Computation forking. Snapshot the execution state before a decision point, then explore multiple branches independently. This is useful for backtracking search, for fuzzing (snapshot a good corpus state and fuzz from it repeatedly without re-running initialization), and for speculative execution in query engines.

Live migration. A long-running Wasm computation can be paused, serialized, transmitted to a different host, and resumed. The snapshot is not tied to any CPU architecture or OS; it requires only a compatible Wasm interpreter on the destination. This is the compute equivalent of VM live migration, but at the granularity of a single module rather than an entire virtual machine.

The Speed Trade-Off

Interpreters are slower than JIT runtimes. For CPU-bound workloads, the difference is often an order of magnitude or more. Wasmtime on compute-heavy benchmarks runs roughly 2x slower than equivalent native code; a well-implemented interpreter is typically 10 to 50x slower than native on the same workloads.

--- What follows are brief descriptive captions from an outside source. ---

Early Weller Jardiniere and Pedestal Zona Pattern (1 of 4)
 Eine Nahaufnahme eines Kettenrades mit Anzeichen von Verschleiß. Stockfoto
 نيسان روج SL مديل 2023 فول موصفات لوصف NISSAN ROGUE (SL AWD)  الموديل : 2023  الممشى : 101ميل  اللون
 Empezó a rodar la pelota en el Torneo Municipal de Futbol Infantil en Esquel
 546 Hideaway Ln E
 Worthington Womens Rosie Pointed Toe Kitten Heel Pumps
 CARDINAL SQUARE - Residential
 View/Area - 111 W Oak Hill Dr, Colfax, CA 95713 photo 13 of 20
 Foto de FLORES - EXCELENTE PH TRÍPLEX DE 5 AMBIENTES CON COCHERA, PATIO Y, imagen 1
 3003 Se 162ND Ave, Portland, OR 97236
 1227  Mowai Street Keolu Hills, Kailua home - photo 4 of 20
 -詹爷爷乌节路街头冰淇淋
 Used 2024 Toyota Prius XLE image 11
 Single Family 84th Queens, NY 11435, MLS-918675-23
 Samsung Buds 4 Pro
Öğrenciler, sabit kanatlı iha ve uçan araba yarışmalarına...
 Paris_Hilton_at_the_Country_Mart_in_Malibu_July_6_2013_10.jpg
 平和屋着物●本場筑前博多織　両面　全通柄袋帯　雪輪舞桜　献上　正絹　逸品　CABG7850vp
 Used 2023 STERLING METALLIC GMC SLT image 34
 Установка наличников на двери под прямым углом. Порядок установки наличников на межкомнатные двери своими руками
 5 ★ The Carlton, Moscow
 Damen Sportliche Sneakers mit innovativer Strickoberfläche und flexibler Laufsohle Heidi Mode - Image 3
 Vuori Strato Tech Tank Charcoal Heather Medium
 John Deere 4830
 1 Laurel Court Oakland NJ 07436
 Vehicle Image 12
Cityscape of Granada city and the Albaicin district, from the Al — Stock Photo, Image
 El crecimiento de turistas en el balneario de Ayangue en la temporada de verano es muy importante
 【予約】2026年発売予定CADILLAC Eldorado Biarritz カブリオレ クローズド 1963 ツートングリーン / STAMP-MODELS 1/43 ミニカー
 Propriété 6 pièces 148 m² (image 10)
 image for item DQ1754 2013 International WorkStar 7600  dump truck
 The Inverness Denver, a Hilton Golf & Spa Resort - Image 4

Whether this matters depends on the use case. For the serverless cold-start scenario, the bottleneck is often initialization work, not steady-state throughput, and snapshot/restore skips initialization entirely. For time-travel debugging and fuzzing, workloads are often exploration-bound rather than CPU-bound. For Wasm modules doing light processing, interpreter overhead is irrelevant.

The more interesting question is whether snapshotability can be added to a JIT runtime without paying the interpreter’s throughput penalty. Some runtimes are exploring tiered approaches: interpret until a snapshot boundary, then JIT-compile and continue. Others are investigating deoptimization mechanisms similar to what V8 uses for JavaScript, where optimized native code can be decompiled back to an interpreter state under specific conditions. These are active research areas, but they are substantially more complex to implement correctly than a pure interpreter approach.

The Broader Point

Gabagool takes the position that execution state should be a first-class value: something you can inspect, serialize, transmit, and restore. The Wasm specification already defines what that state looks like. An interpreter keeps it in that form rather than compiling it away into native frames and JIT-generated addresses.

The serverless and edge computing industries have been rediscovering this property at the infrastructure level, using microVM snapshots to solve cold start problems. Doing the equivalent at the Wasm interpreter level is cheaper, more portable, and more granular. The implementation barrier is lower than it might appear; the hard part was the Wasm specification getting the state model right from the beginning, which it did. Gabagool is a clean demonstration that the interpreter trade-off, slower execution in exchange for full state transparency, is worth making in a meaningful set of contexts.